XIAFLEX is contraindicated in patients with a history of
hypersensitivity to XIAFLEX or to collagenase used in any
other therapeutic application or application method
In the controlled and uncontrolled portions of clinical trials
in Dupuytren’s contracture, flexor tendon ruptures occurred
after XIAFLEX injection. Injection of XIAFLEX into
collagen-containing structures such as tendons or ligaments of
the hand may result in damage to those structures and possible
permanent injury such as tendon rupture or ligament damage.
Therefore, XIAFLEX should be injected only into the collagen
cord with a metacarpophalangeal (MP) or proximal
interphalangeal (PIP) joint contracture, and care should be
taken to avoid injecting into tendons, nerves, blood vessels,
or other collagen-containing structures of the hand. When
injecting a cord affecting a PIP joint of the fifth finger,
the needle insertion should not be more than 2 to 3 mm in
depth and avoid injecting more than 4 mm distal to the palmar
digital crease
Other XIAFLEX-associated serious local adverse reactions in
the controlled and uncontrolled portions of the clinical
studies included pulley rupture, ligament injury, complex
regional pain syndrome (CRPS), sensory abnormality of the
hand, and skin laceration (tear). In a historically controlled
post-marketing trial, the incidence of skin laceration (22%)

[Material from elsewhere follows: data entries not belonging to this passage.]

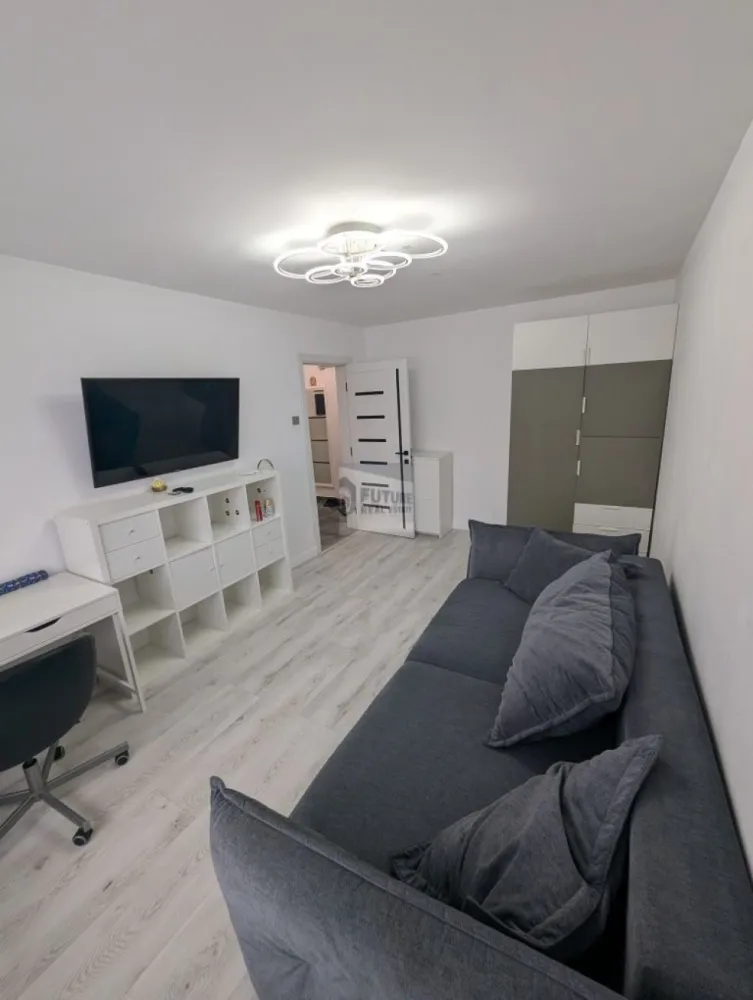 Apartament 2 camere, decomandat - Apartament 2 camere, decomandat, renovat, mobilat și utilat. Sufragerie cu canapea extensibila de 4 locuri, Smart Tv , Aer condiționat și dresing. Dormitor cu pat de mijloc, șifonier, masa de machiaj. Noptieră și Smart TV Bucătărie mobilată la comandă, aragaz tip plita incorporabila și cuptor electric. Frigider și filtru pentru apa potabila. Mașina de spălat vase. Mașina de spălat rufe cu uscător. Toate geamurile au rulouri electrice exterioare cu telecomandă. Bloc reabilitat termic complet. Etaj tehnic Aproape de statia metrou Nicolae Grigorescu, STB: 243, 102, 27 / 627.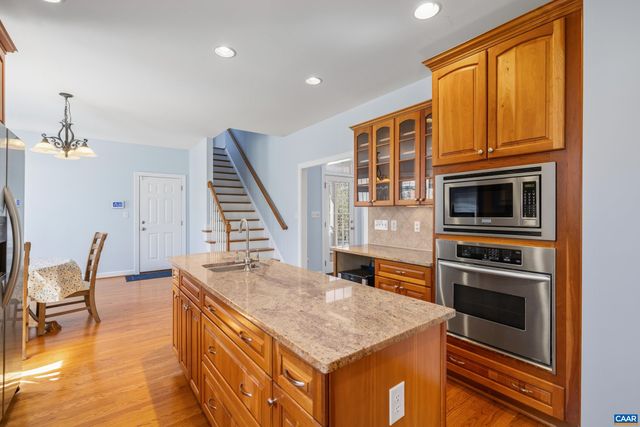 381 BYBEE ESTATES LN, Palmyra, VA 22963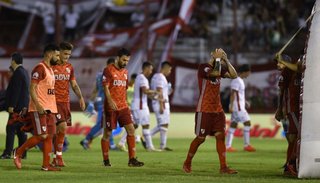 River, desactivado: perdió con Huracán y quedó muy lejos de Boca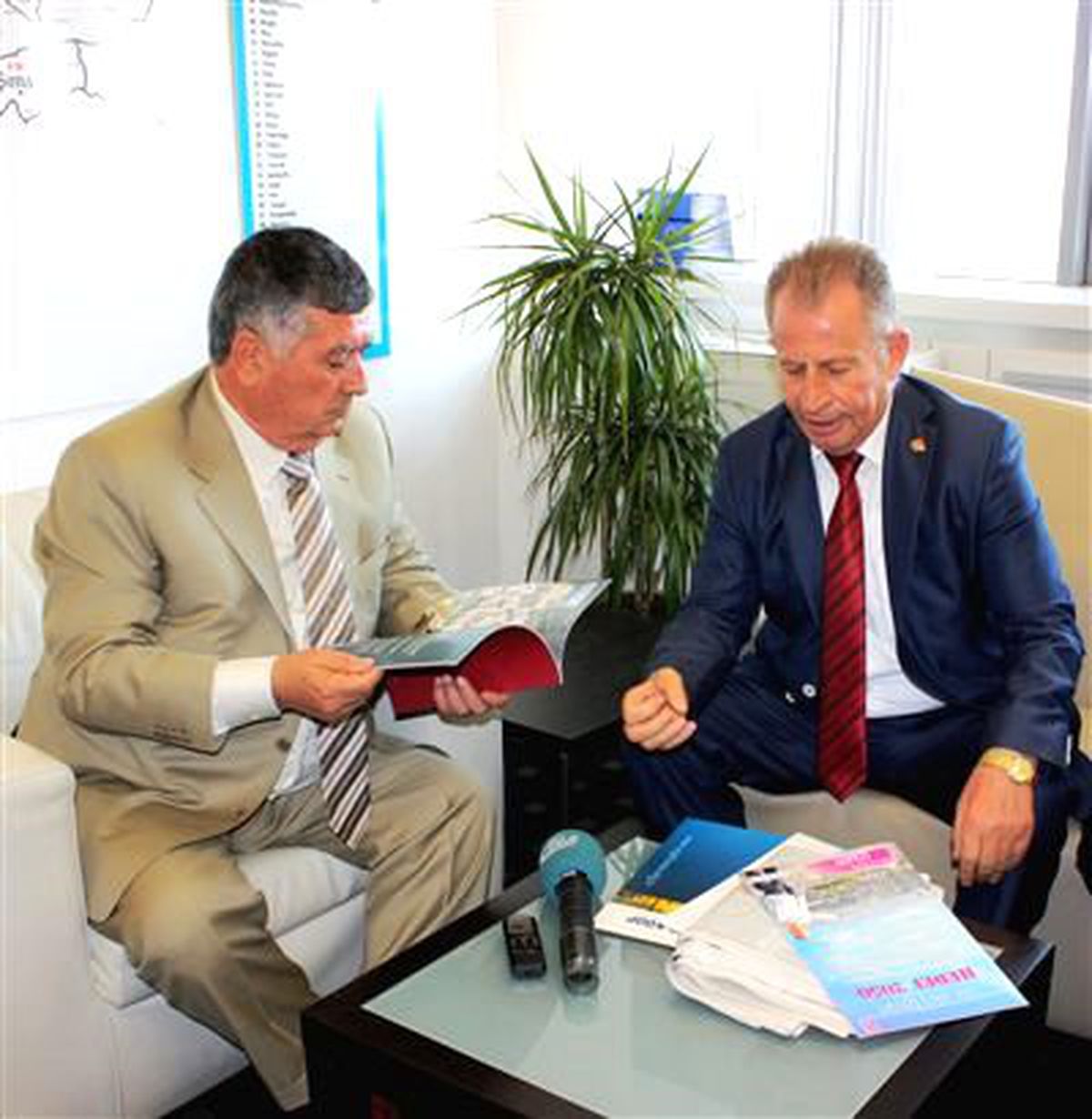 Ege-Koop Genel Başkanı Aslan\'ın CHP Ziyareti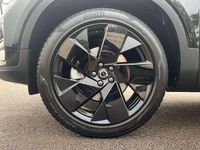 Neu Volvo XC40 Plus 163 PS (119 kW) 2025 Onyx schwarz SUV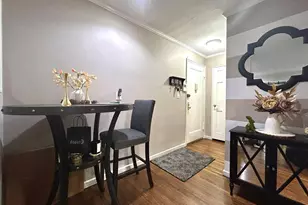 44 Terrace Cir, Great Neck, NY 11021 - Photo 16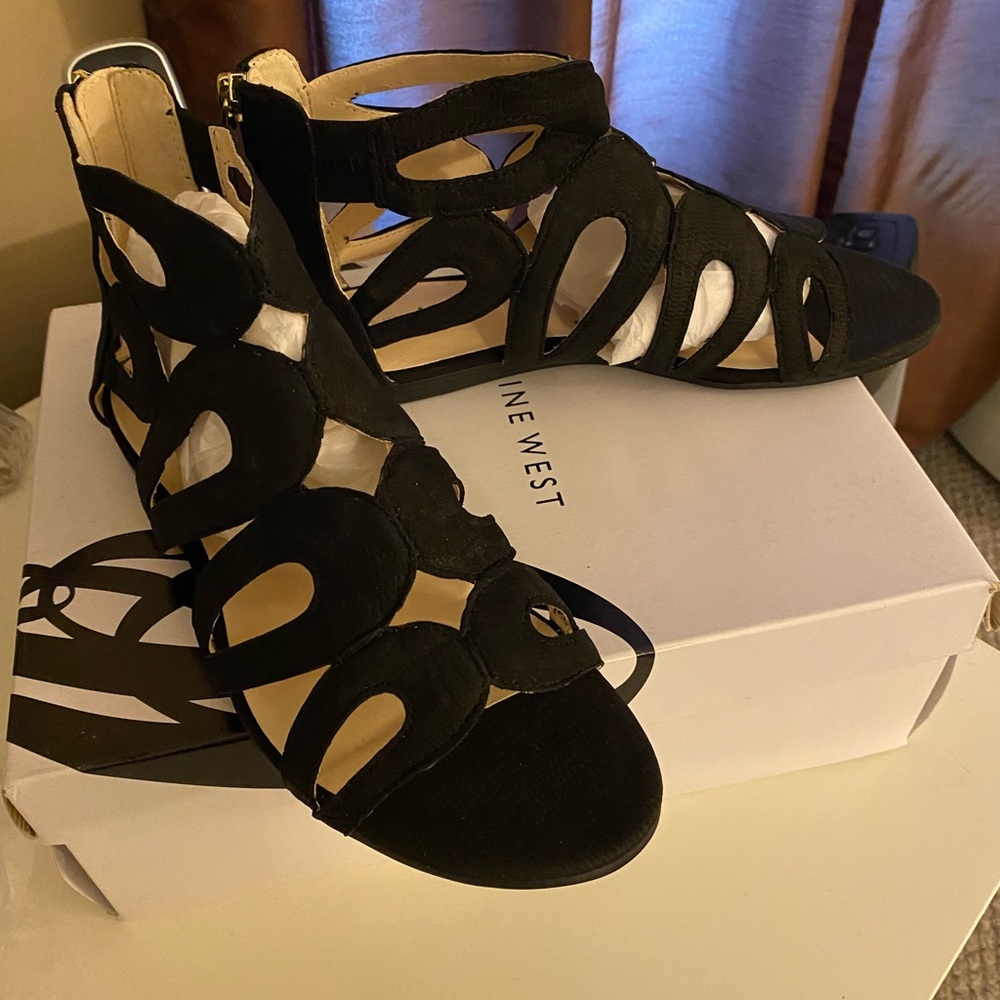 Women’s sandals. - Picture 1 of 4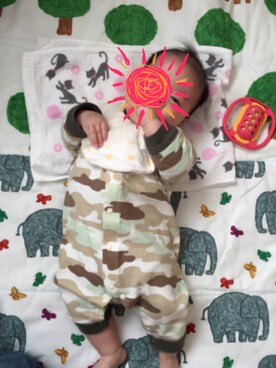 「UNIQLO（ユニクロ）のアイテム（ロンパース、ブラウン系）」を使った、たんしげさん（レディース）の秋コーディネート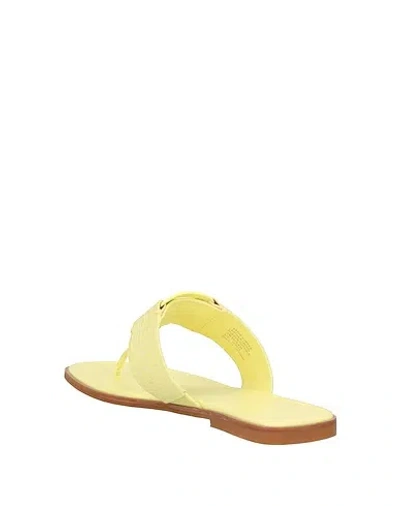 Tory Burch Woman Thong Sandal Pastel Yellow Size 8 Leather In Yellow
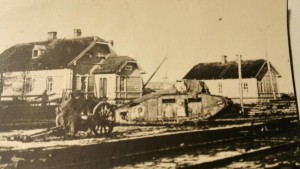 три фото с танками. гражданская война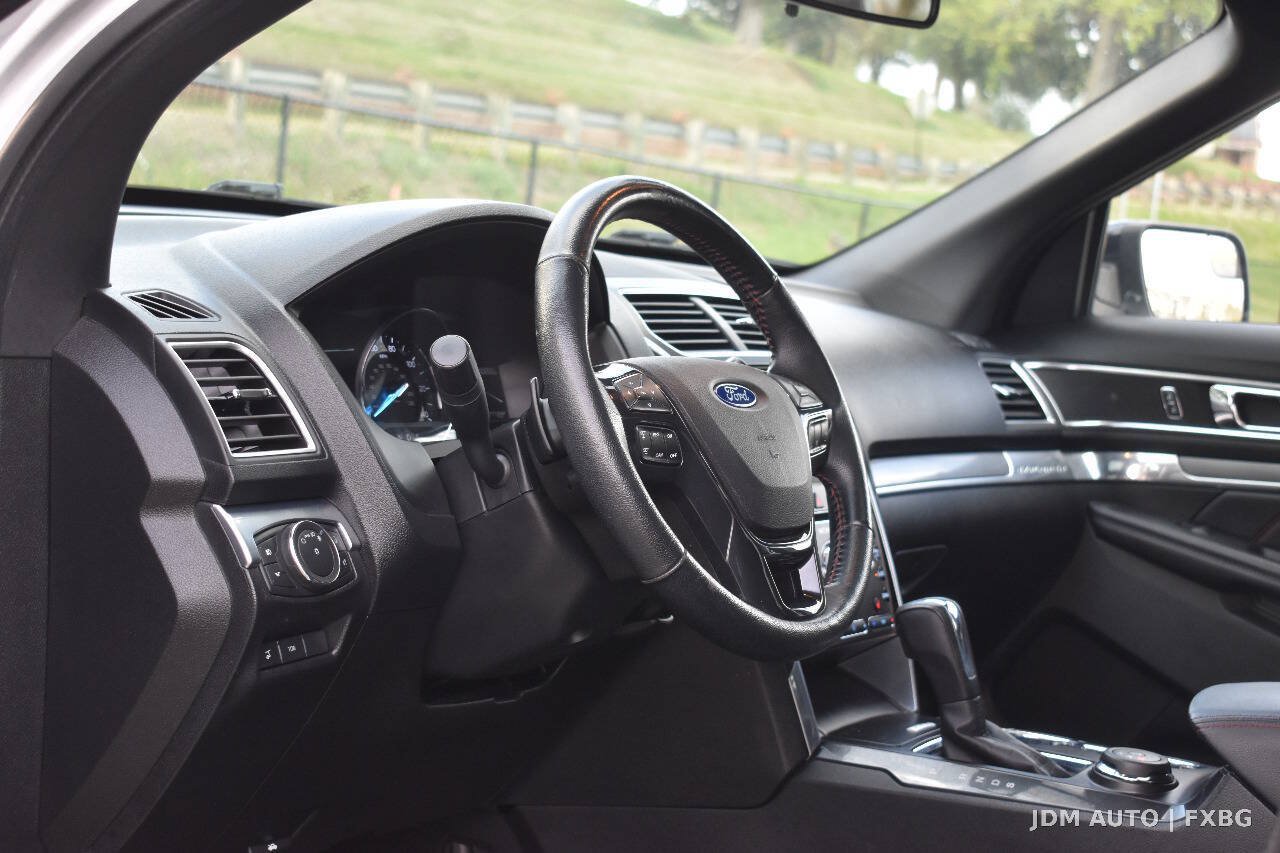 Used 2017 Ford Explorer Sport AWD/4WD image 19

was higher for subjects treated with two concurrent injections
of XIAFLEX compared with subjects treated with up to three
single injections in the placebo-controlled premarketing
trials (9%). Post-marketing cases of skin laceration requiring
skin graft after finger extension procedures and local skin
and soft-tissue necrosis, some requiring skin grafting, or
other surgical interventions including finger amputation have
been reported. Signs or symptoms that may reflect serious
injury to the injected finger/hand should be promptly
evaluated because surgical intervention may be required
Cases of syncope and presyncope have been reported in the
post-marketing period in patients treated with XIAFLEX. In
most cases in patients with Dupuytren’s contracture, the
injection procedure, finger extension procedure, or pain
following the procedures were reported as potential triggers
for the events, suggesting a vasovagal mechanism. Most, but
not all, cases occurred in the immediate treatment period
(injection or finger extension procedure) or within 1 to 2
days following the injection or finger extension procedure. If
presyncopal symptoms occur, patients should remain recumbent
until symptoms resolve. Syncope may be associated with bodily
injuries, including concussion, head abrasion, and other
accidental injuries
In the controlled portions of the clinical trials in
Dupuytren’s contracture, a greater proportion of
XIAFLEX-treated patients (15%) compared to placebo-treated
patients (1%) had mild allergic reactions (pruritus) after up
to 3 injections. The incidence of XIAFLEX-associated pruritus
increased after more XIAFLEX injections in patients with
Dupuytren’s contracture
Because XIAFLEX contains foreign proteins, severe allergic
reactions to XIAFLEX can occur. Anaphylaxis was reported in a
post-marketing clinical trial in one patient who had previous
exposure to XIAFLEX for the treatment of Dupuytren’s
contracture. Healthcare providers should be prepared to
address severe allergic reactions following XIAFLEX injections
In the XIAFLEX trials in Dupuytren’s contracture, 70% and 38%
of XIAFLEX-treated patients developed an ecchymosis/contusion
or an injection site hemorrhage, respectively. Patients with
abnormal coagulation (except for patients taking low-dose
aspirin, eg, up to 150 mg per day) were excluded from
participating in these studies. Therefore, the efficacy and
safety of XIAFLEX in patients receiving anticoagulant
medications (other than low-dose aspirin, eg, up to 150 mg per
day) within 7 days prior to XIAFLEX administration is not
known. In addition, it is recommended to avoid use of XIAFLEX
in patients with coagulation disorders, including patients
receiving concomitant anticoagulants (except for low-dose
aspirin)
In the XIAFLEX clinical trials for Dupuytren’s contracture,
the most common adverse reactions reported in ≥25% of patients
treated with XIAFLEX and at an incidence greater than placebo
were edema peripheral (eg, swelling of the injected hand),
contusion, injection site hemorrhage, injection site reaction,
and pain in the injected extremity
Post-marketing experience
– Syncope and presyncope have been reported in patients
treated with XIAFLEX. Most, but not all, cases occurred in the
immediate treatment period or within 1 to 2 days following
injection. Bodily injuries associated with the syncopal events
have been reported
INDICATION
XIAFLEX is indicated for the treatment of adult patients with
Dupuytren’s contracture with a palpable cord.